### ASSIGNED TASK
Only one span of the listing below should come back. It runs from the line with "8722 Atmore Avenue, North" through the line with "Property Photo: 68 Thorne St 1 NJ 07307", and each of its lines must be reproduced exactly.

### DATA TO PROCESS
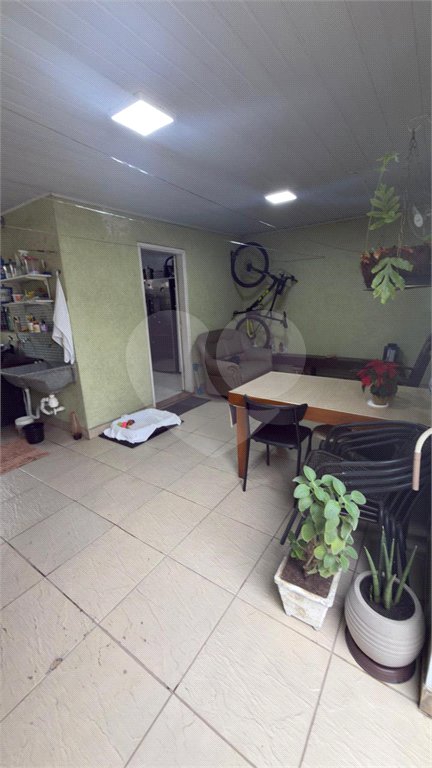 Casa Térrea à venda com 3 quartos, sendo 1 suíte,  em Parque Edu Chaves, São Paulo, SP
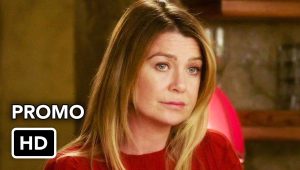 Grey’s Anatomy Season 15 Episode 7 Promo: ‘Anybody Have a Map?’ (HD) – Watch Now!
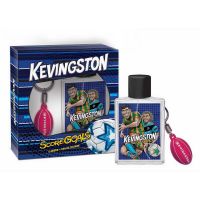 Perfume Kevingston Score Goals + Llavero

==

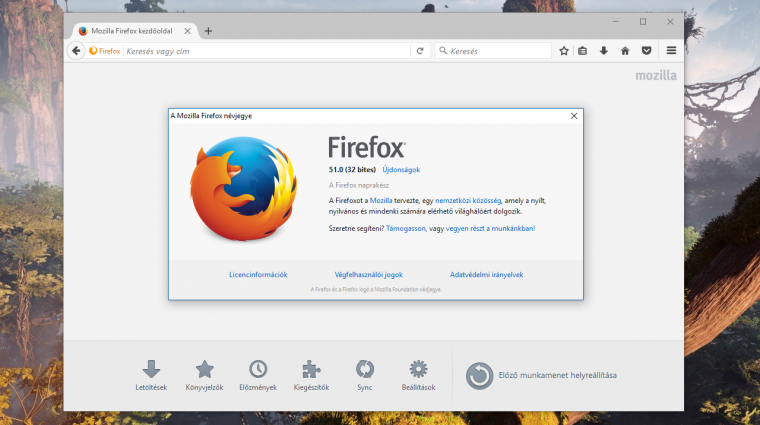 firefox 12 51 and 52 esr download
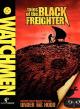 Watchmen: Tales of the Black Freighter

--

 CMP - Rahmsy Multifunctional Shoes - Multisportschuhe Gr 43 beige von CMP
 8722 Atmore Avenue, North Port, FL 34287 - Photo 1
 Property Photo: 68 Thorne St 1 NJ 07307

### WORKED SOLUTION
 8722 Atmore Avenue, North Port, FL 34287 - Photo 1
 Property Photo: 68 Thorne St 1 NJ 07307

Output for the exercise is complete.